Source records:
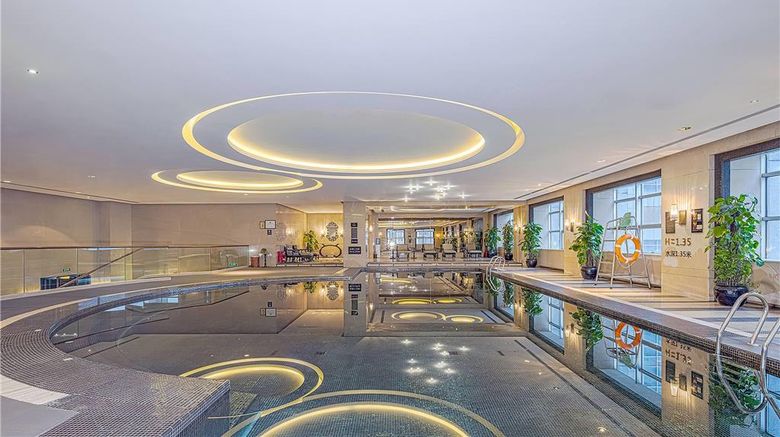 <b>Wyndham Grand Plaza Royale Furongguo Pool</b>. Images powered by <a href="https://iceportal.shijigroup.com/" title="IcePortal" target="_blank">IcePortal</a>.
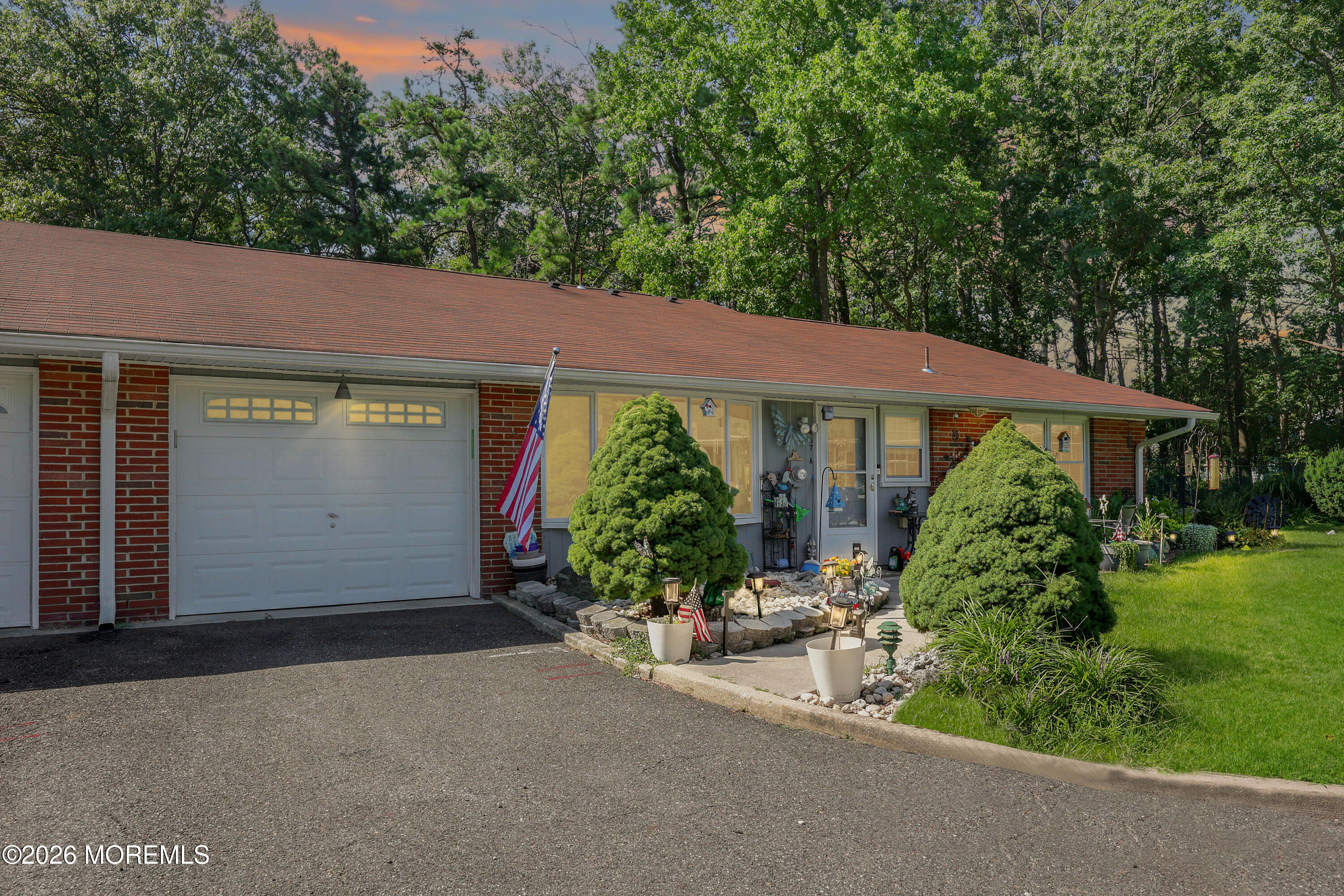 457A Portsmouth Drive — photo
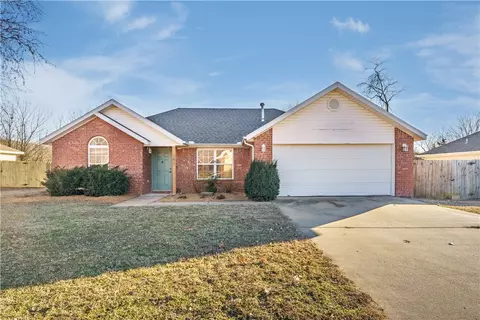 181 Rob St, Farmington, AR 72730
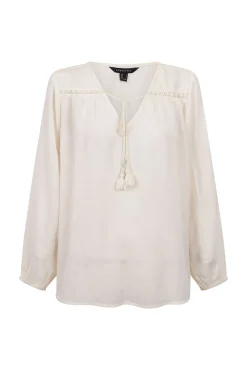 Blusa com borlas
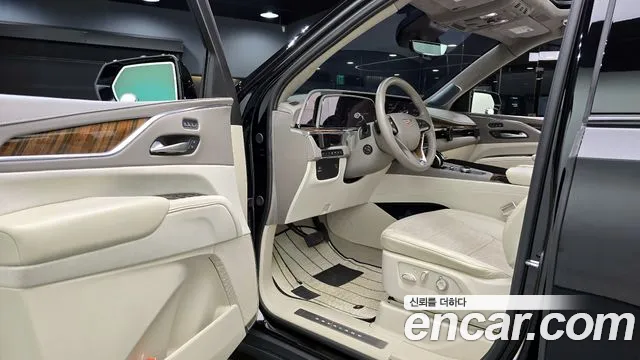 Cadillac Escalade Escalade 5 поколение — Фото автомобиля 10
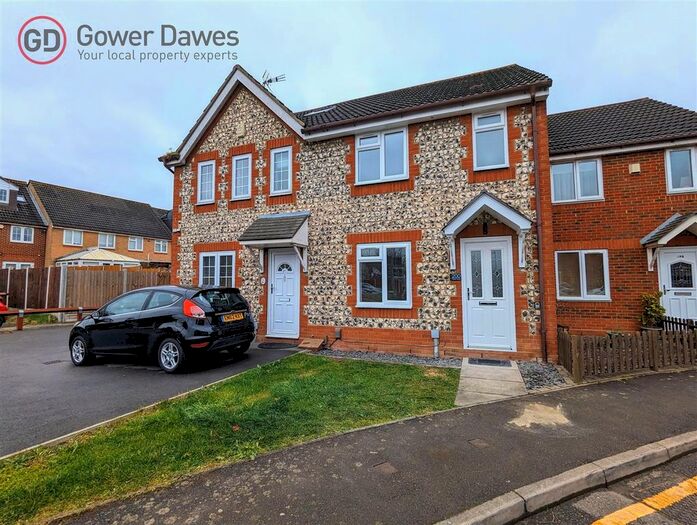 3 Bedroom Terraced House To Rent In Gilbert Road, Chafford Hundred, Grays, RM16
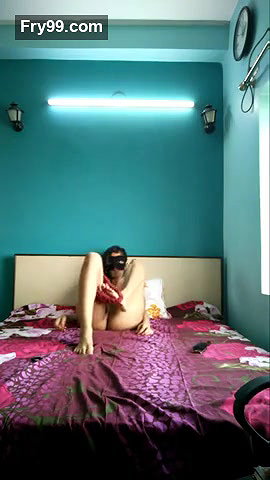 Young Mask Girl Masturbate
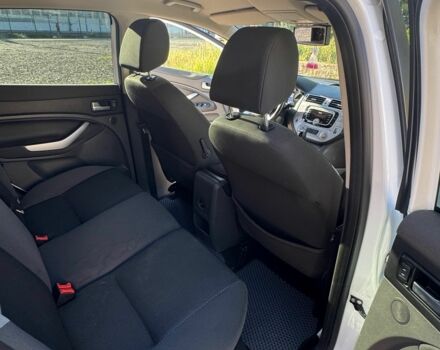 Белый Форд Куга, объемом двигателя 2 л и пробегом 270 тыс. км за 9700 $, фото 7 на Automoto.ua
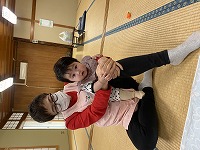 コアラのような抱っこをして見せる助産師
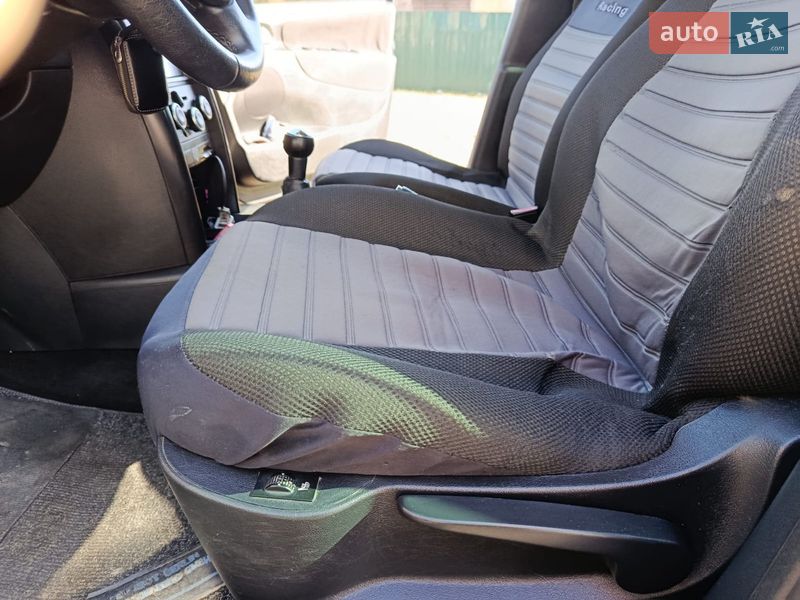 Универсал Peugeot 207 2009 в Стрые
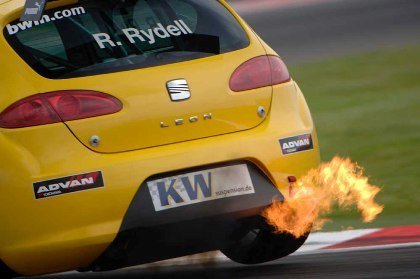 Rydell pole para Seat en el WTCC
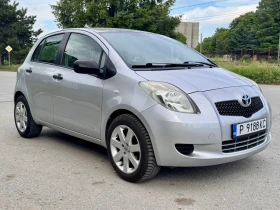 Toyota Yaris 1.0, снимка 1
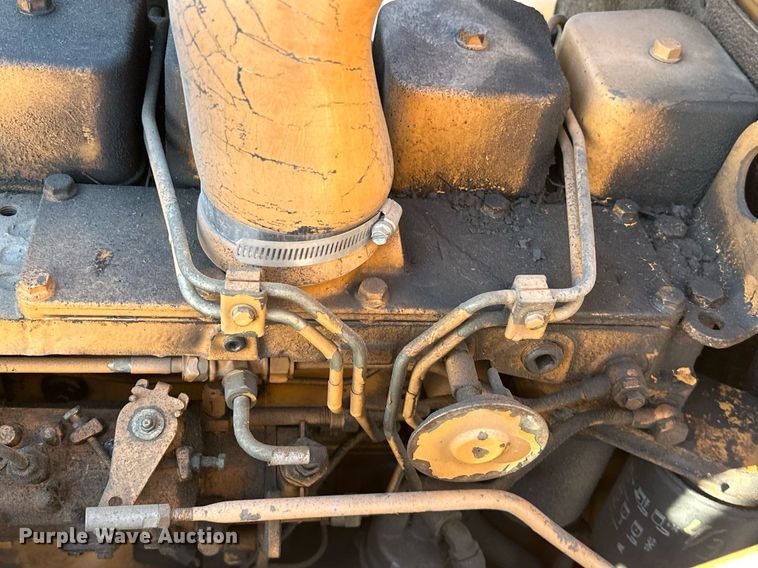 image for item OM9831 1989 Case 580K backhoe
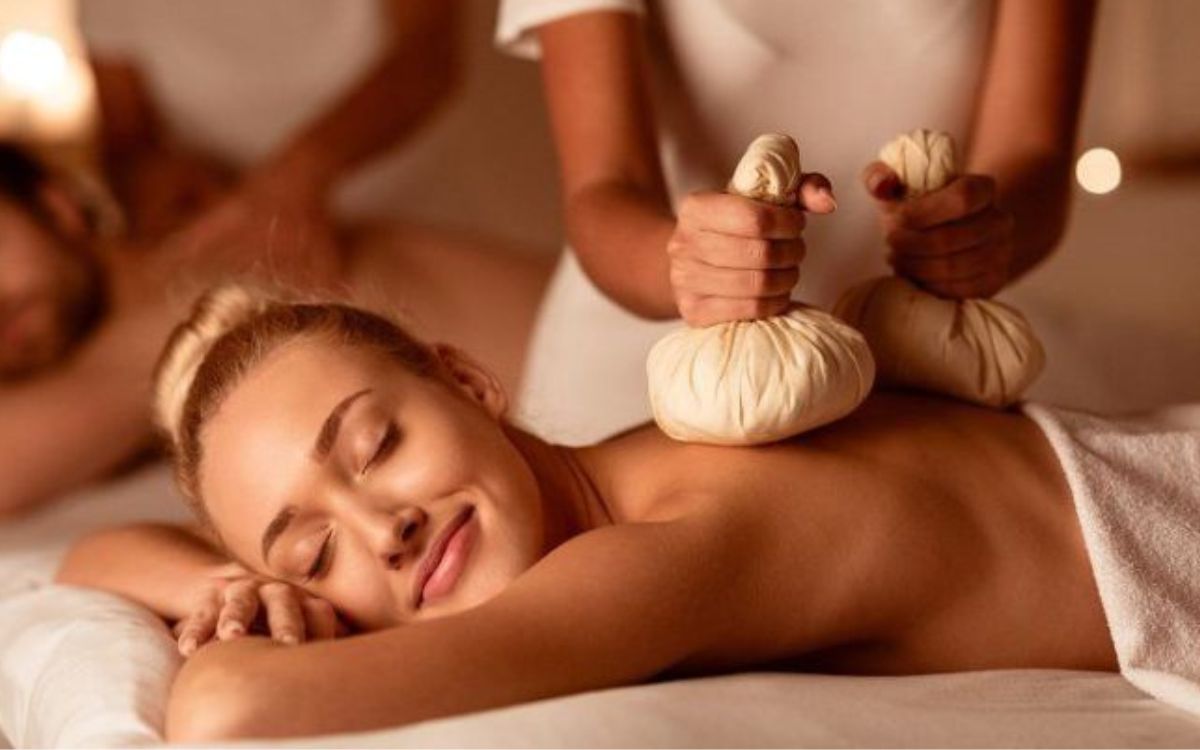 Massage giúp lưu thông máu, xương linh hoạt,...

**TASK TO COMPLETE**: Pictures excluded, print only the lines from the one with "image for item OM9831 1989 Case 580K backhoe" through the end of the entries above, exactly as written.

**YOUR RESPONSE**:
 image for item OM9831 1989 Case 580K backhoe
 Massage giúp lưu thông máu, xương linh hoạt,...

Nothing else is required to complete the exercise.